俺はカッターを片手にプラ板を切り出していく。全体的な装甲を作るイメージだ。これまでのバイト人生のお陰で手先の器用さと無駄な知識だけはあるんだ。
「待ってろよエクステンド……今お前を改造して、誰にも負けない機体にしてやる」
俺はインターネットでロボットの画像を検索しながら、イメージを固めて装甲を切り出していく。慣れない作業は想像以上に体力と精神力を削られたが、その度に横の林檎さんが手を貸してくれた。
「ふぅ……下半身はこんなもんだろ」
「うん! いいんじゃないか? めちゃくちゃカッコいいぞ」
我ながら上手くいったんじゃないか? 作業開始から二時間。エクステンドの足回りの改造が完了した。といってもプラ板を張り付けただけなのだか、重心が下半身に寄るように大きな装甲を増設したので、原型からデザインが大きく変化した。
「よっし……! 次は上半身だ!」
「合格だよ。これは君がここまで頑張った御褒美だ」
林檎さんが俺に顔を近づける。そして優しく微笑む彼女のせいで俺は不覚にもドキッとしてしまった。顔は赤くなっていないだろうか!? 彼女の唇と俺の頬はほとんどなかった。
「ちょっ! 林檎さん! なに考えてるんですか!」
「ふぅーー!」
へ? 彼女は俺の砲に息を吹き掛けた。まるでチリを払うようにだ。
「プラスチックを切ったり磨いたりしてたんだ。小さな削りカスやゴミが出るんだよ」
「それが……ついてたんですか?」
「そゆこと、もしかして期待させてしまったか?」
「いえ、俺は普通の女性が好みなので」
平静を装って嘘を吐く。内心は心臓バックバクなんだよな……
よく見ると俺の顔や手先はプラスチックのカスでひどく汚れていた。それが気にならないほど夢中になって作業をしていたのだろう。林檎さんが新聞紙をひいていたから机は汚していないが、彼女もプラ粉まみれだ。俺は思わず吹き出してしまった。
「全く、君は失礼だな。そんなに笑わないでくれよ」
「からかわれた、仕返しです」
「悪かったって……けど、御褒美があるのは本当だ」
彼女は100均の袋をガサゴソと漁り始めた。そして、その中から取り出したのは100均の商品とは思えないほど厳重に密封された小降りのケースだ。

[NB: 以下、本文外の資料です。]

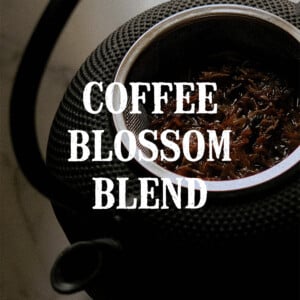 Coffee Blossom Blend - 50g M Bag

「ここまで、頑張った鋼少年へ。君にこれを使って欲しい」
「これは……」
彼女がくれたケースに収まっていたのは金属のパーツだ。プラモデルの部品というよりは俺の工場なんかで作る部品の様にも思えた。
「ほら、新幹線で言ってただろ? 新しいエンジンを作ってるって、それを君のために急ピッチで製造したんだ」
「まじっすか! てことは、準備ってのは……」
「社員に作らせたこの部品を受け取りにいってたんだよ。君に可能性を託すために」
「本当にありがとうございますっ!」
「礼なんていらないさ、私と鋼太郎少年、そしてエクステンドの勝利の為なんだから」
彼女はビールの缶を開けて、俺にはリンゴジュースを飲むように迫った。受け取った帰りに偶然、100均を見つけたから、スポンジと一緒に買ってきたものらしい。
「すこし早いかもしれないが、私たちの世界一に乾杯しようじゃないか?」
「いや、流石に気が早すぎますよ、けど乾杯ですね」
林檎さんの笑顔は綺麗だった。自信過剰で、たまにイラッとすることもあるが、俺はこの人が好きなのかもしれないな。
「林檎さん……このパーツ、しっかり使いこなしますよ!」
俺は手の中で相棒の心臓とも言えるエンジンを弄んだ。所々に何やら凹みがあるがわかる。もしやこれは……
「気づいたようだね、鋼太郎少年」
このパーツの凹みが俺のエクステンドの腹部に埋め込むためのものなんじゃないか?
「思った通りだ……綺麗にハマった」
またエクステンドの雰囲気が変わった。たった一つの部品を、付け替えてもこんなに印象が変わるなんて、プラモデルの改造というのは奥が深いんだな。
「残るは腕と武装だが、あの剣使いにくいなら、無理して使わなくていいんだぞ?」
「大丈夫です。それについても改造案はあるので、それにこのエンジンのパワーなら使いこなせる気がします」
俺は下半身の改造の要領で、頭と腕を仕上げていく。腕は近接用により頑丈に、頭の角を大きくして、頭突きなんかを戦闘に混ぜてみるのもアリかもしれない。
「背中なんかにはスピードを上げるための羽を付けるなんてどうでしょう!」
「すっかり沼にハマったね、鋼太郎少年。だが時計を見ろ……」
彼女が指差した時計の針はなんと午前2時を回っていた。本当に夢中になりすぎていたようだ。携帯の通知なんかも貯まっている。
「羽根をつけてみたい気持ちも分かるが、今日はここまでだぞ」
「そうっすね……1日24時間が短く感じて来ました」
「仕方ないさ、限られた時間で一番いいものを作れるのが大人なんだから、むしろ短さを楽しんでこそだぞ」
彼女はちゃんと俺の部屋も予約してくれていた。林檎さんは俺を部屋から追い出すと、すぐに爆睡したようだ。
「ありがとう、ございました」
結局、俺は自室にもどっても作業を続けた。鞘には抜刀の為のとある仕掛けを施していると、もう朝日が昇っていた。